▶ _The problem_
Take the material below and output exactly the run of lines from the one containing "Tecnolumen LUM X LED-Pendelleuchte" down to the one containing "Markwort Softball Bases 15x15x2 - 3 Pcs", with both included.
Top of Available records
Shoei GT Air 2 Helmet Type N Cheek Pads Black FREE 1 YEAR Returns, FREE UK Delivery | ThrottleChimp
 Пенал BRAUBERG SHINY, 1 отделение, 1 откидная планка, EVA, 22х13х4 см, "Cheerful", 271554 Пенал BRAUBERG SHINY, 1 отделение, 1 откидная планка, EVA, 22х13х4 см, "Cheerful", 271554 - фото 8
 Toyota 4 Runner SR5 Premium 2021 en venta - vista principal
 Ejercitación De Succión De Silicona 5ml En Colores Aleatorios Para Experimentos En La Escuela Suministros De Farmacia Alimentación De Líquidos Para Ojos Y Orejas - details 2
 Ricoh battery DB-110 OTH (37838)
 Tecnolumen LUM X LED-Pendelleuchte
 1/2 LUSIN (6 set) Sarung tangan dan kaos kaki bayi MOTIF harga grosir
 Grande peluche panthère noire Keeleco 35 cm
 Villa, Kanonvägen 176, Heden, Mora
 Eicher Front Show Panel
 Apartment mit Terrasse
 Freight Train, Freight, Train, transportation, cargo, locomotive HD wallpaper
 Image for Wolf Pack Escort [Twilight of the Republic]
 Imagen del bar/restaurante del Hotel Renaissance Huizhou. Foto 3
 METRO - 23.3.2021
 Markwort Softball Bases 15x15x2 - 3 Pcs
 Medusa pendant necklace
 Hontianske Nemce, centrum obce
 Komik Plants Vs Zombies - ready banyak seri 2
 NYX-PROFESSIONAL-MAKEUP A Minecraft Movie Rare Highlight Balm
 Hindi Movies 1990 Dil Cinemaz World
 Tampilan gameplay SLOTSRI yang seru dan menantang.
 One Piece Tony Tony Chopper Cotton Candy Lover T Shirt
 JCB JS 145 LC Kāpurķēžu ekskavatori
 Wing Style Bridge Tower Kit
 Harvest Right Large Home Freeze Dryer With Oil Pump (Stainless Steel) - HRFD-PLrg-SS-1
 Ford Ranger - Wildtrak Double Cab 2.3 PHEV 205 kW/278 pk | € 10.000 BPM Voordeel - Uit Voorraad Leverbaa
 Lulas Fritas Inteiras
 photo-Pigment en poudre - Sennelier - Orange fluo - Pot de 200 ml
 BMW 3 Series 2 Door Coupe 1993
Bottom of Available records
▶ _Exercise answer_
 Tecnolumen LUM X LED-Pendelleuchte
 1/2 LUSIN (6 set) Sarung tangan dan kaos kaki bayi MOTIF harga grosir
 Grande peluche panthère noire Keeleco 35 cm
 Villa, Kanonvägen 176, Heden, Mora
 Eicher Front Show Panel
 Apartment mit Terrasse
 Freight Train, Freight, Train, transportation, cargo, locomotive HD wallpaper
 Image for Wolf Pack Escort [Twilight of the Republic]
 Imagen del bar/restaurante del Hotel Renaissance Huizhou. Foto 3
 METRO - 23.3.2021
 Markwort Softball Bases 15x15x2 - 3 Pcs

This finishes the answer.